When seeing a new web page:
- Query the DHT to see if somebody has indexed it before
- If it has been seen before, have a percent chance of ignoring it
- Process it to get the main textual content out using semantic HTML rules
- Filter out common words that don't add to the meaning
- Use NLP libraries for English as a start, community should contribute other languages
- Maybe ignore numbers?
- Build up a map of word counts
- unique word : occurance count
and a map of unique word pair : occurance count
- Word pairds should be alphaneumerically sorted
- Iterate through words and word pairs and save it to the DB
- word hash:count as 32 bit hex:content hash
- content hash:count as 32 but hex:word hash
- This will allow for searching for pages by word, or searching for words by page (and then sorting by count)

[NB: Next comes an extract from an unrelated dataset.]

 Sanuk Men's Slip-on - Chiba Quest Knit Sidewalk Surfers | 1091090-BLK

- Iterate through all links in the document
- Save a key of target:source
- Publish to the DHT that this source links to that page
- Publish to the DHT that this page has been indexed (don't include source of who did it for privacy)

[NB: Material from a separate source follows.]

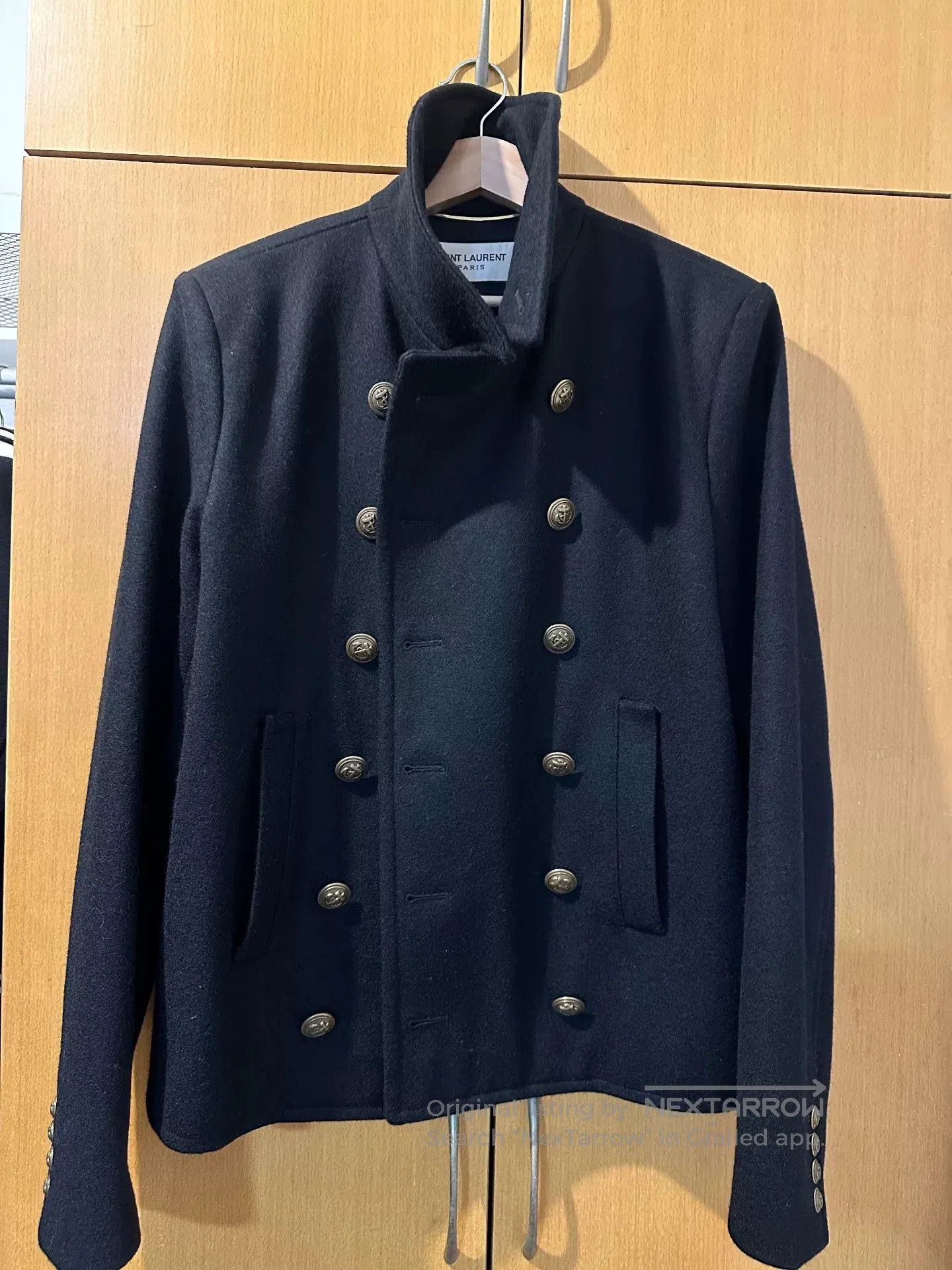 Saint Laurent Paris Saint Laurent 13FW Black Gold Button Jacket. Size US L / EU 52-54 / 3 - 1 Thumbnail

Periodically rank the confidence in which pages - Search through the locally seen words and order them by number of pages that contain them - Iterate through words with the least numbers of pages - Sort the pages by which one is more relevant - Number of times the word shows up relative to other words - Huge counts of keywords should be discarded - Number of pages that link to this page - A huge number of outgoing links should be discarded - Publish to the DHT pointing the word to the hash - Include the number of pages that reference this - Send the actual hashes if possible - Otherwise, publish a block with the list and link to that
Performing a search - Process search terms using NLP from before - Build up pairs - Query for results locally and display confident matches right away - Query the DHT for matches for keyword pairs - If no results for pairs exist, search for individual words and do a union - Build up results in a list, take a second or two to search for a bunch of results - Rank initial search by confidence (links to pages, number of times it appeared in the DHT) - Start fetching results using streams - Parse enough to read the <title> of the page before showing the result - Otherwise take the first n characters of text and display that - Add verification step to results in order to verify that the links are valid, and that the keywords actually exist (Not for local results, of course) - Cache verified results locally - Invalid items should be filtered out - Might make sense to have a DB of blacklists which will ignore results for keywords (prevent having to verify page again)
By the way, to have some indication of how difficult the distributed search problem really is - and possibly also as a point of collaboration - I recommend you have a look at YaCy, a really serious effort at building a distributed search engine. https://yacy.net/
Perhaps it would make sense to extend this project with IPFS integration, both as a store for the index as well as with an IPFS crawler.